“Although They Promise Nature, They Are Necessarily Unnatural”

I think of modern zoos as something far different from their sickening antecedents which displayed animals–even humans–in in awful conditions with no regard to the creatures. And they are far better–though that doesn’t mean the tension between our needs and the subject’s has disappeared. In his Aeon essay on the topic, Stephen Cave uses the death of a polar bear named Knut as a springboard. An excerpt:

“This is the paradox of the modern zoo: although they promise nature, they are necessarily unnatural.
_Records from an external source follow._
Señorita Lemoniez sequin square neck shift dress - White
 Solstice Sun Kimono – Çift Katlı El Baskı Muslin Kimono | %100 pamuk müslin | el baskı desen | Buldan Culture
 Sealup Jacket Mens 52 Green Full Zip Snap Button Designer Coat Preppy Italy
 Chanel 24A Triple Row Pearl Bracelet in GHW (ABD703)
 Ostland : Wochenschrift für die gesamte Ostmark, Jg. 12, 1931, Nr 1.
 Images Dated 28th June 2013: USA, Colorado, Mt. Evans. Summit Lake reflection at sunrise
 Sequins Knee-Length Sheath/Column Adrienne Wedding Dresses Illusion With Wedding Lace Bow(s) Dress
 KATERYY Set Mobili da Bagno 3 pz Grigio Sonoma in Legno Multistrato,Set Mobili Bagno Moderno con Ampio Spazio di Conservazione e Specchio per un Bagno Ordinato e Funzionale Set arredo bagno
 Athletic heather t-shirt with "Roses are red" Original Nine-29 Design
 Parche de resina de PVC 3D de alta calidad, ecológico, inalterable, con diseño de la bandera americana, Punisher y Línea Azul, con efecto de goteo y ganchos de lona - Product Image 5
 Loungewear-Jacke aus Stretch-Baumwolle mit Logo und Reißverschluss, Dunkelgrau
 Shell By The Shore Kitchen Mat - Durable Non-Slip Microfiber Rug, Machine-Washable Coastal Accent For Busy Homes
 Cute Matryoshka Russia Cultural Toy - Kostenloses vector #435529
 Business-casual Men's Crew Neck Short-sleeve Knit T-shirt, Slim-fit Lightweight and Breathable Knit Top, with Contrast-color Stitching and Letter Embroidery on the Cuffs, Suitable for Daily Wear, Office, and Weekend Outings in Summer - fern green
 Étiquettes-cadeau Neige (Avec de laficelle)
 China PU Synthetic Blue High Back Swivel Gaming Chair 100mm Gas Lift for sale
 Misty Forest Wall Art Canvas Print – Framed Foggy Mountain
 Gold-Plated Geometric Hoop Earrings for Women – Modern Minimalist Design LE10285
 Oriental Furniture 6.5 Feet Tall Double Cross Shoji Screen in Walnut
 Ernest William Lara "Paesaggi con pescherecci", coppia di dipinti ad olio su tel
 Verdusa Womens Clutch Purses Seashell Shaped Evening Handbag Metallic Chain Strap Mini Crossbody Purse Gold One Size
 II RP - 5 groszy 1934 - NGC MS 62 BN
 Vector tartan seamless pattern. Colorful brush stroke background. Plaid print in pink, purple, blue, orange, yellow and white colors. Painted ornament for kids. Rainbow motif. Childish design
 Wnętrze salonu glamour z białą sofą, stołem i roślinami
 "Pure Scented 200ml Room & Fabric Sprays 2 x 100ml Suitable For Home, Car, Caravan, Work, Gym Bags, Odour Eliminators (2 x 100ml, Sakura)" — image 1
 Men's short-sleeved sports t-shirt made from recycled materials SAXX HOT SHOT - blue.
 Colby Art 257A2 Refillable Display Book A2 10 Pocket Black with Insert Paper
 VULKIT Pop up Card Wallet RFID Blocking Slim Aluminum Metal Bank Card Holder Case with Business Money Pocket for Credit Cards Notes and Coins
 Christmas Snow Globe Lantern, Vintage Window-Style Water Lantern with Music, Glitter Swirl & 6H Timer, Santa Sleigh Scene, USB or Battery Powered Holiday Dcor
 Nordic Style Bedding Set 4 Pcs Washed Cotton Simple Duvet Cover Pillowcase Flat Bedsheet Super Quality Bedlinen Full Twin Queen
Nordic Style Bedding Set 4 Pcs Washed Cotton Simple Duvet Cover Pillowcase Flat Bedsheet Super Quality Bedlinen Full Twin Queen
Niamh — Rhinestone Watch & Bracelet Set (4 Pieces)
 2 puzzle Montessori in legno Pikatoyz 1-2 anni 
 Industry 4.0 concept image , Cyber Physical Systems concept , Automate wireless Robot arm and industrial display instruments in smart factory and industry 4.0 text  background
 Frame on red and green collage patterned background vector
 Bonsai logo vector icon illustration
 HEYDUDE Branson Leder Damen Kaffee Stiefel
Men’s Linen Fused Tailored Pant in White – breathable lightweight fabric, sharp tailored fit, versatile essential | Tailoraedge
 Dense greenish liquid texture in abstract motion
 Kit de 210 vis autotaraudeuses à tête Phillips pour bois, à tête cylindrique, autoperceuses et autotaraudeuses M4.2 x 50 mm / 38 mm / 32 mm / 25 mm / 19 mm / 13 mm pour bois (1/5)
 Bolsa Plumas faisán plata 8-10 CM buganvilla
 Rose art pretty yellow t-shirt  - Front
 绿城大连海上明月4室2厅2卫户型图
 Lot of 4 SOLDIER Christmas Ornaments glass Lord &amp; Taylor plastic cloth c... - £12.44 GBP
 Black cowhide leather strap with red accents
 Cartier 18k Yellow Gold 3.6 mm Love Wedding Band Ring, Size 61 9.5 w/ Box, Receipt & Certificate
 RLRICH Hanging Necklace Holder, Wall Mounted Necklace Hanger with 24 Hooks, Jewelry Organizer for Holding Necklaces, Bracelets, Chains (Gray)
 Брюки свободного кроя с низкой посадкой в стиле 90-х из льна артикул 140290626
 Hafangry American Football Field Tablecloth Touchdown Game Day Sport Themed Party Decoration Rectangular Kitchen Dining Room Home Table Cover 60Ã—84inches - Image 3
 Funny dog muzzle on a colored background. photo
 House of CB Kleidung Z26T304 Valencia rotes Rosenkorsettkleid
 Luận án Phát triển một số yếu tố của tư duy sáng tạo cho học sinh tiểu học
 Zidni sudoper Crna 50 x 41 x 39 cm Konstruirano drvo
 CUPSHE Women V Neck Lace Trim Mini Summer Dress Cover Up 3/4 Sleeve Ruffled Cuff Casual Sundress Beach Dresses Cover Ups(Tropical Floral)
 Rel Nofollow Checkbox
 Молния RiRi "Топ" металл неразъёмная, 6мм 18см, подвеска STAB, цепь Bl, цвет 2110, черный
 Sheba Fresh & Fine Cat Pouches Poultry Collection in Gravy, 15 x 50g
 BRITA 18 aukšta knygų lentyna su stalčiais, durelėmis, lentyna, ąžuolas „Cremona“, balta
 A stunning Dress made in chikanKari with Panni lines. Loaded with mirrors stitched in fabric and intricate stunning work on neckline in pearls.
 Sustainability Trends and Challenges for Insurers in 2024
We visit them in search of the unpredictable, the vital — the sublime that cannot be found in the clockwork world we have built for ourselves. Yet they are made by humans, with all the artifice, technology and tools at our disposal. The lion and the zebra in the zoo will never meet in mortal struggle as they do daily on the Serengeti, but instead each is carefully contained, their needs met by plans, plumbing, and delivery vans.

Zoos have redefined their mission since the days of the menagerie, when people were content to show animals as spectacles and subjugates. Today, keeping wild animals behind bars demands justification beyond amazing or amusing us, and this is made on three grounds: research, education, and conservation. Each of these depends upon an idea of nature out there, beyond the city limits — a nature to be researched and understood; a nature about which we can and should be educated; and a nature that zoos want to help us conserve.”